The initial affront to our common sense only dissipates when we start to examine the text closer and realize that the Holy Spirit does not lead Jesus into temptation, but into the dry and barren wilderness. The Spirit led Him into a place – the desert, where He would be tempted – not into temptation per se. That is a critical difference, and most helpful to understanding just what is going on when we too are tempted. One is immediately reminded of what James said, “When tempted, no one should say, “God is tempting me.” For God cannot be tempted by evil, nor does he tempt anyone; but each one is tempted when, by his own evil desire, he is dragged away and enticed.”
What the Spirit leads Jesus into is not a temptation, but a trial. In fact, this is the epitome of a trial. For it is there in the wilderness – free from the eyes of onlookers – that Jesus must confront any impurity within Himself, and it is there – apart from the support of family and friends – that Jesus must stand against the lies the evil one tells Him.
The truth is that trials – even very difficult trials – are something the Spirit does lead God’s people into, and not uncommonly. That is because trials are meant to be a blessing, for they allow us to see something we might not otherwise see. A trial lets you see the impurity within yourself. Friend, know that the devil cannot plant an impurity within you, it must already exist. All our enemy can do is suggest we act on it. Remember that John 16:13a says, “When He, the Spirit of truth, comes, He will guide you into all the truth.” All the truth includes truth not only about God Most High and the world around you, but also truth about you. Even the truth about your inner self, and the most hidden parts of your soul. For when you are in a trial, the evil one’s lies will be to prompt you to act out the impurity within. But we don’t have to listen to the evil one. We can instead perceive and repent of that impurity. That is a very personal blessing – both because it provides self-awareness of vindication, and also because God rewards those He knows are trustworthy.

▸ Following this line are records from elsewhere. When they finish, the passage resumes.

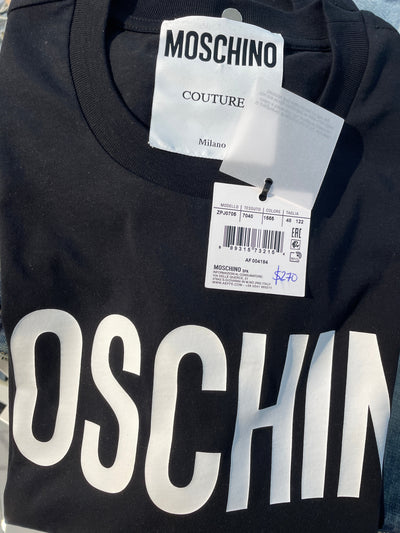 Moschino T-Shirt - Standard Logo - Black - AF004184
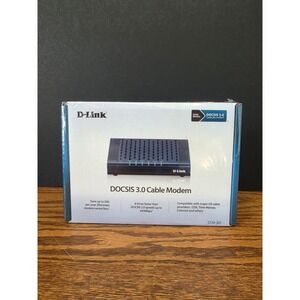D-Link DCM-301 DOCSIS 3.0 Cable Modem 343Mbps NEW Factory Sealed
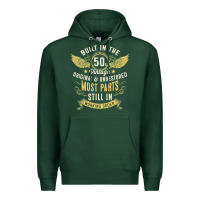 Sports Green Mens Vintage 1950s Built In The 50s Fifties Funny 70th Birthday Premium Hoodie - longCreatives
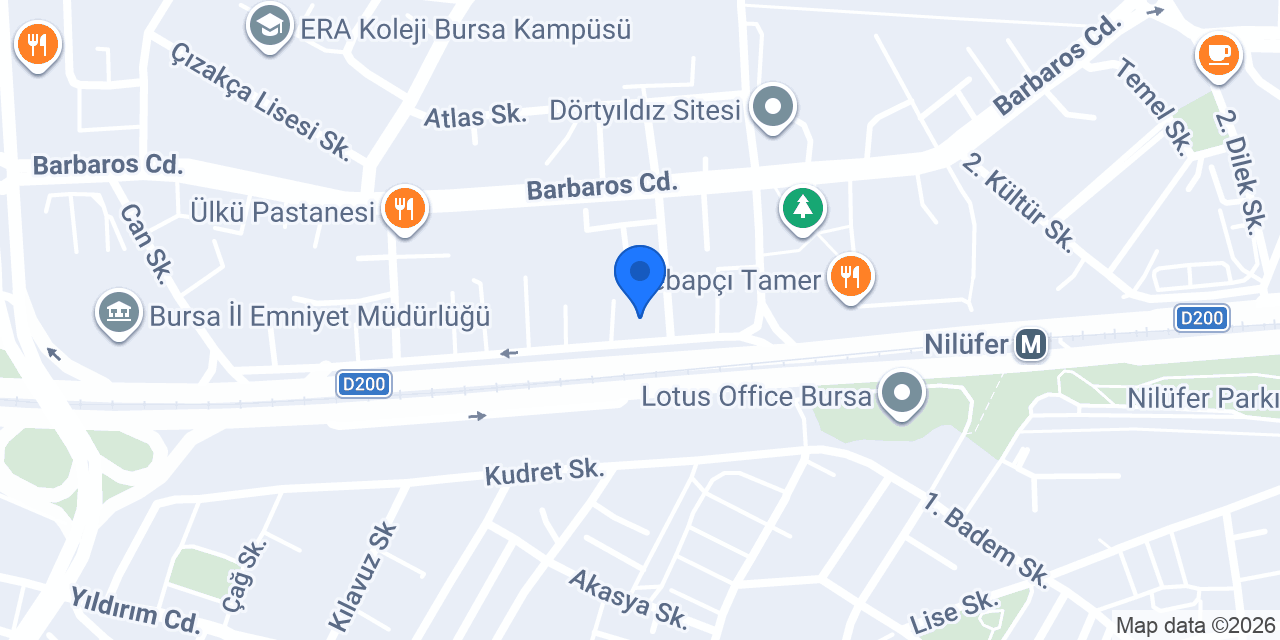 Akbank İzmiryolu/Bursa Şubesi konumu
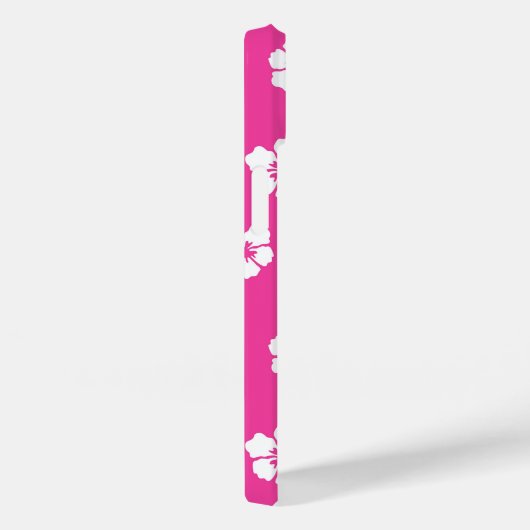 Coques Case-Mate iPhone Fleur Hibiscus Tropical d'été rose (Verso / Droite)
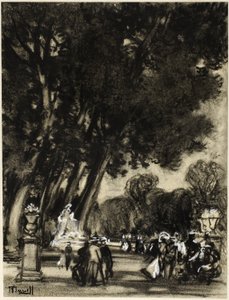 Saaren puutarha, Aranjuez tekijältä Joseph Pennell
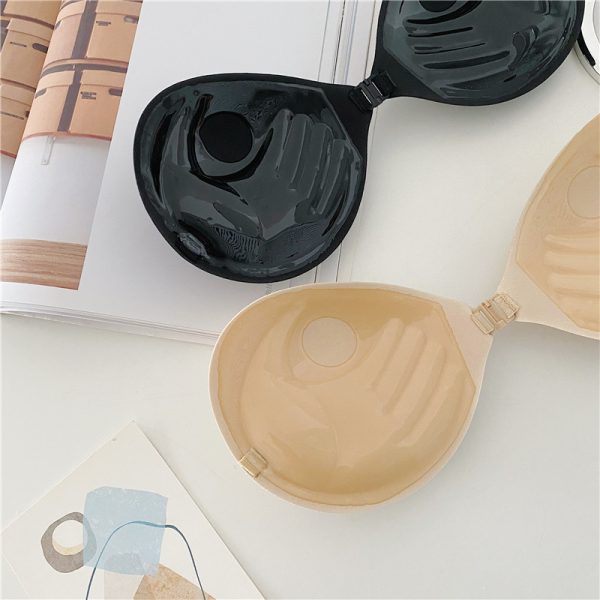Seamless Anti-Slip Nipple Covers for Women - Thickened Strapless Bra for Summer Beach Vacation and Small Chest Gathering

Trials will come. Embrace them, knowing that God is allowing you to see and repent of the impurity within so that He might bless you all the more as you reflect Him better in days to come. After all, “Blessed is the man who perseveres under trial, because when he has stood the test, he will receive the crown of life that God has promised to those who love him.”
Trials help to strengthen us. It is impossible for a Christian to be very strong—in certain ways, at any rate—unless he grapple with difficulties and endure hardships. There is no proving your courage and prowess in war, except you smell gunpowder, and are exposed to the dread artillery. My arm would soon weary if I had to lift the blacksmith’s hammer for an hour or two, and make horseshoes. I am afraid I should soon give up the business. But the blacksmith’s arm does not ache, for he has been at it so many years, and he rings out a tune on the anvil, so joyfully does his strong arm do the work. Practice has strengthened him. And so, when we have become inured to trial and trouble, faith is to us a far more simple matter than it was before, and we become “strong in the Lord and in the power of his might.”Charles Spurgeon
Reflect on the trial you are either experiencing now or have recently come through. What impurity have you been are or being delivered from? How can you best cooperate with God in that process?